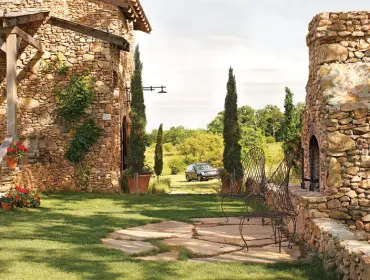 Stone house with arched doorways and wooden beams, featuring a stone fireplace, wrought iron chairs, and cypress trees in a grassy yard with a car in the distance.
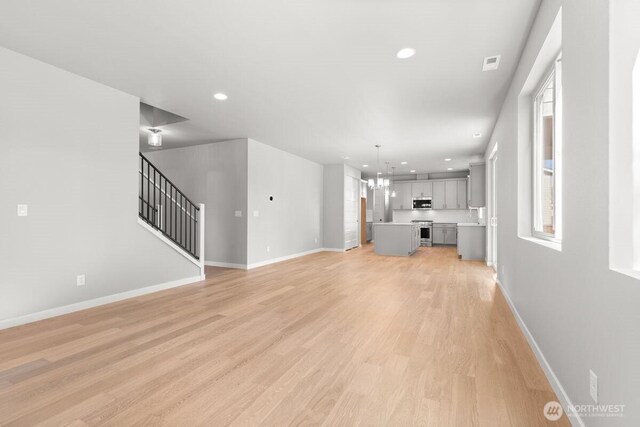 7332 284th St NW, Stanwood, WA 98292 - unfurnished living room with light wood-style flooring, recessed lighting, healthy amount of natural light, a chandelier, and stairway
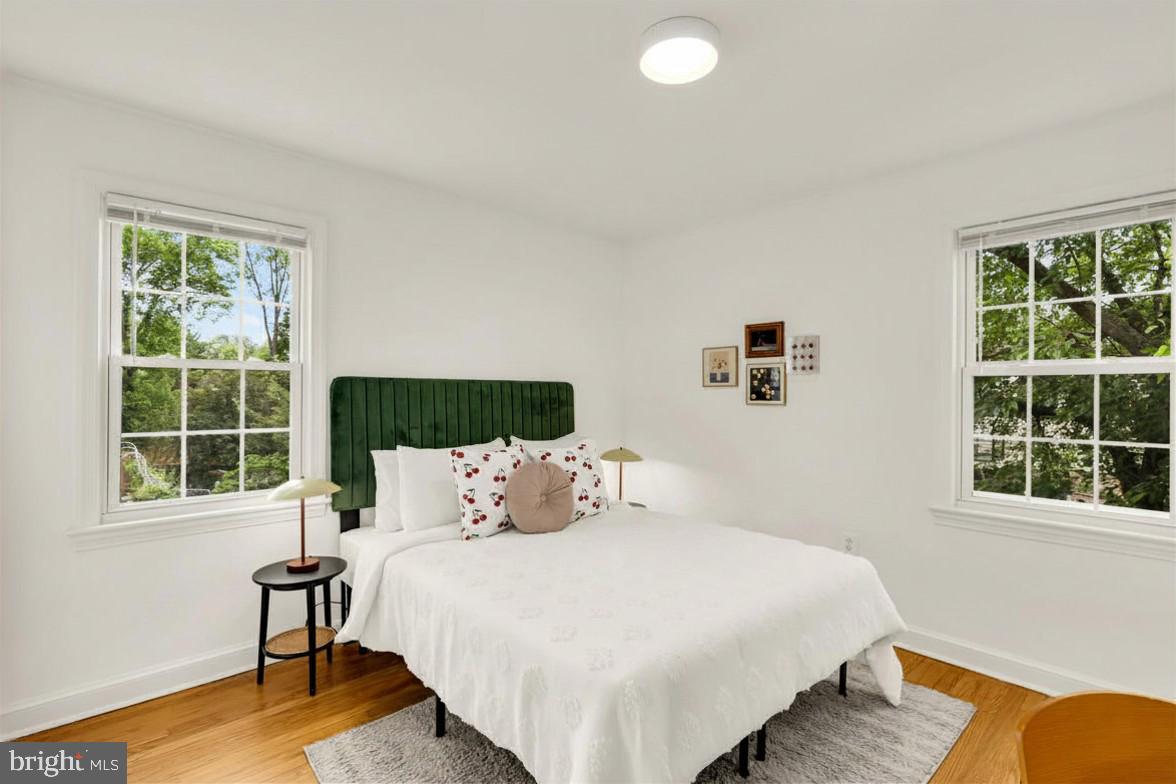 2030 Luzerne Avenue Silver Spring, MD 20910 - Photo 20 of 25 a bedroom with a bed and a window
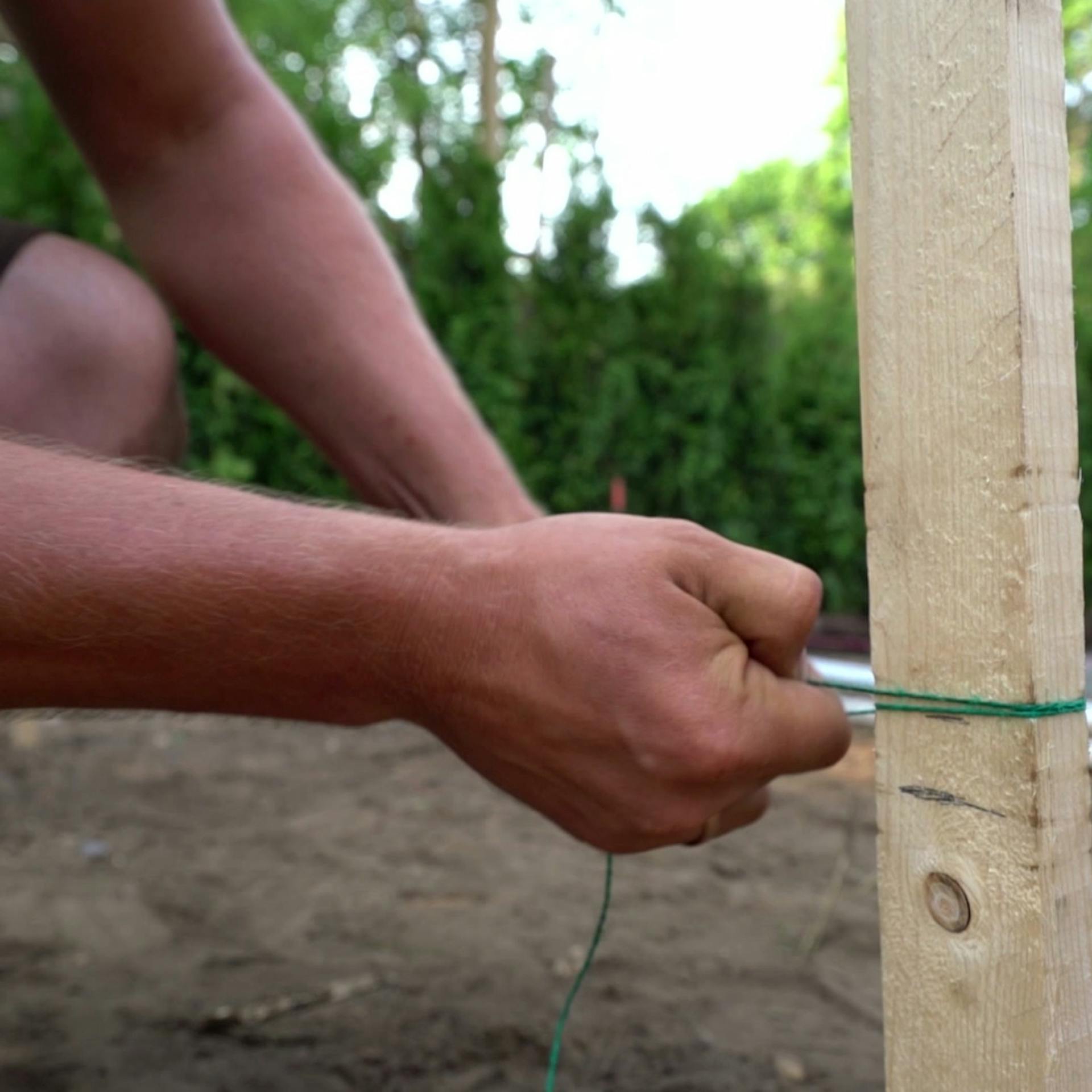 Osoba viaže špagát k drevenému kolíku zapichnutému do zeme, aby vyznačila priebeh terasy.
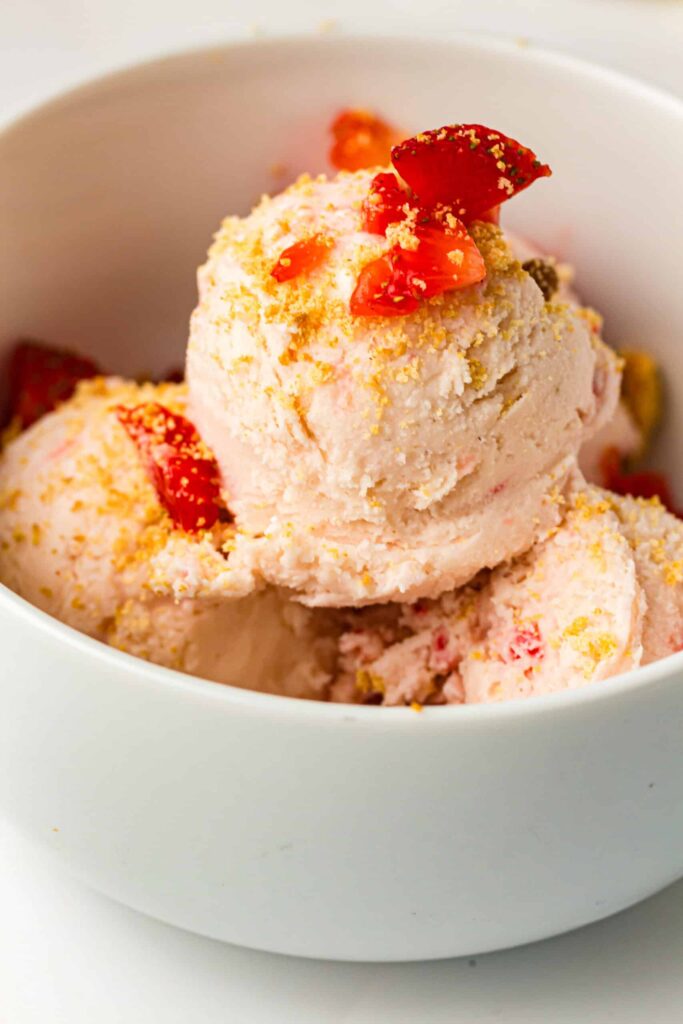 Soft strawberry ice cream scoops garnished with chopped strawberries and sprinkled biscuit crumbs in a white bowl.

--- --- ---

• _Your goal_:
Could the entries above be restated word for word, with the pictures left out?

• _Reply_:
 Stone house with arched doorways and wooden beams, featuring a stone fireplace, wrought iron chairs, and cypress trees in a grassy yard with a car in the distance.
 7332 284th St NW, Stanwood, WA 98292 - unfurnished living room with light wood-style flooring, recessed lighting, healthy amount of natural light, a chandelier, and stairway
 2030 Luzerne Avenue Silver Spring, MD 20910 - Photo 20 of 25 a bedroom with a bed and a window
 Osoba viaže špagát k drevenému kolíku zapichnutému do zeme, aby vyznačila priebeh terasy.
 Soft strawberry ice cream scoops garnished with chopped strawberries and sprinkled biscuit crumbs in a white bowl.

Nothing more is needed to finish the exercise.